THE DATA section start

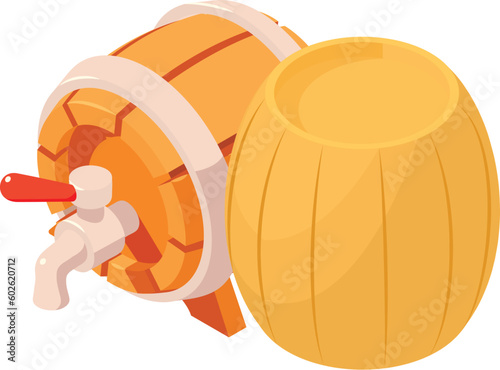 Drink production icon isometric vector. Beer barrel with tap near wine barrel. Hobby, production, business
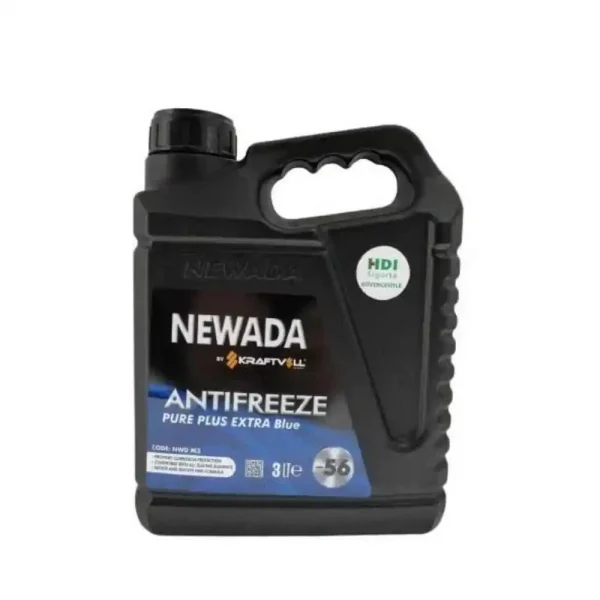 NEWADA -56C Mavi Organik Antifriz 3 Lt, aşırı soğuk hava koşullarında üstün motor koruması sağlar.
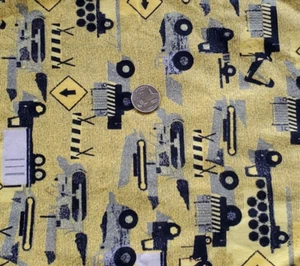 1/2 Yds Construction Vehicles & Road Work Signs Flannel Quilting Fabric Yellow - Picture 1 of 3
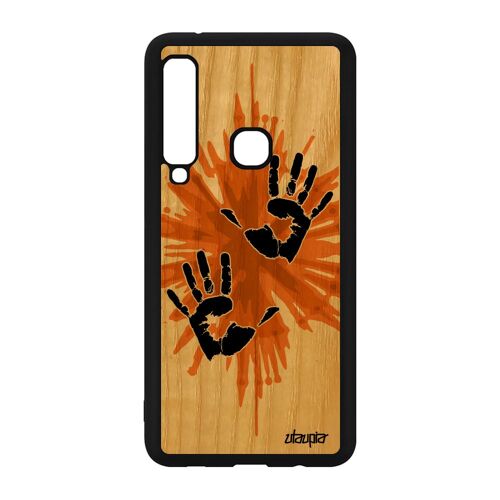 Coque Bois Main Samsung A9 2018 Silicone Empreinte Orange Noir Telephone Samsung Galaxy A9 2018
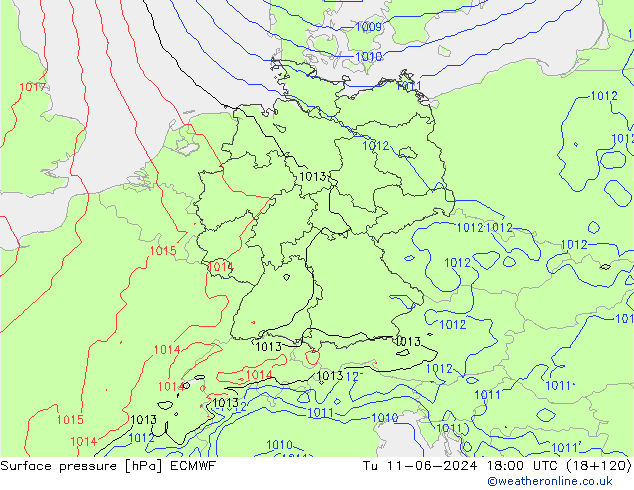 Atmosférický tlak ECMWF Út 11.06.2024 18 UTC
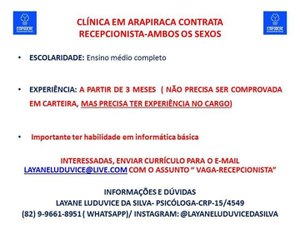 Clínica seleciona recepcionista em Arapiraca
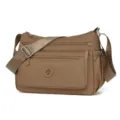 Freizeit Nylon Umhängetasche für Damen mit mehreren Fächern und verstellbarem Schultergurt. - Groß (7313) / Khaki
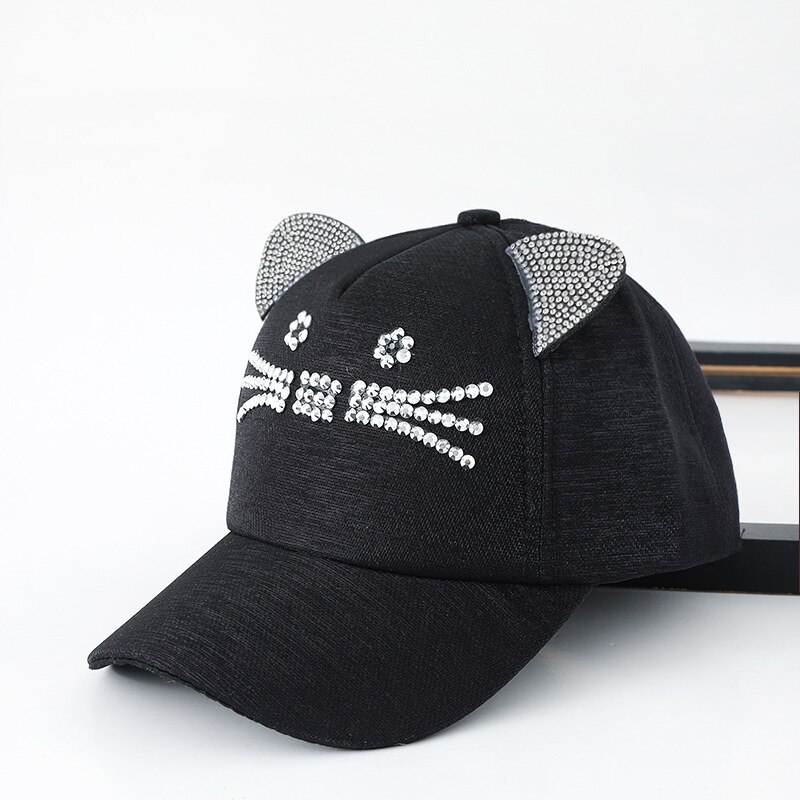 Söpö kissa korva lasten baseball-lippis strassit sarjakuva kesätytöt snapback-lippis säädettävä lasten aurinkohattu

THE DATA section end
THE DATA section start

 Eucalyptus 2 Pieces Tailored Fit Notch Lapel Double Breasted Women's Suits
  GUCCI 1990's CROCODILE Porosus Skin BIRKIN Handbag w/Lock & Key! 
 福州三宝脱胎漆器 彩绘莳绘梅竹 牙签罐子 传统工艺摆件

THE DATA section end

(WHAT IS NEEDED) With the pictures omitted, copy exactly the lines of the listing above starting at the line containing "Clínica seleciona recepcionista em Arapiraca" and ending at the line containing "Söpö kissa korva", both included.

(TASK RESPONSE)
 Clínica seleciona recepcionista em Arapiraca
 Freizeit Nylon Umhängetasche für Damen mit mehreren Fächern und verstellbarem Schultergurt. - Groß (7313) / Khaki
 Söpö kissa korva lasten baseball-lippis strassit sarjakuva kesätytöt snapback-lippis säädettävä lasten aurinkohattu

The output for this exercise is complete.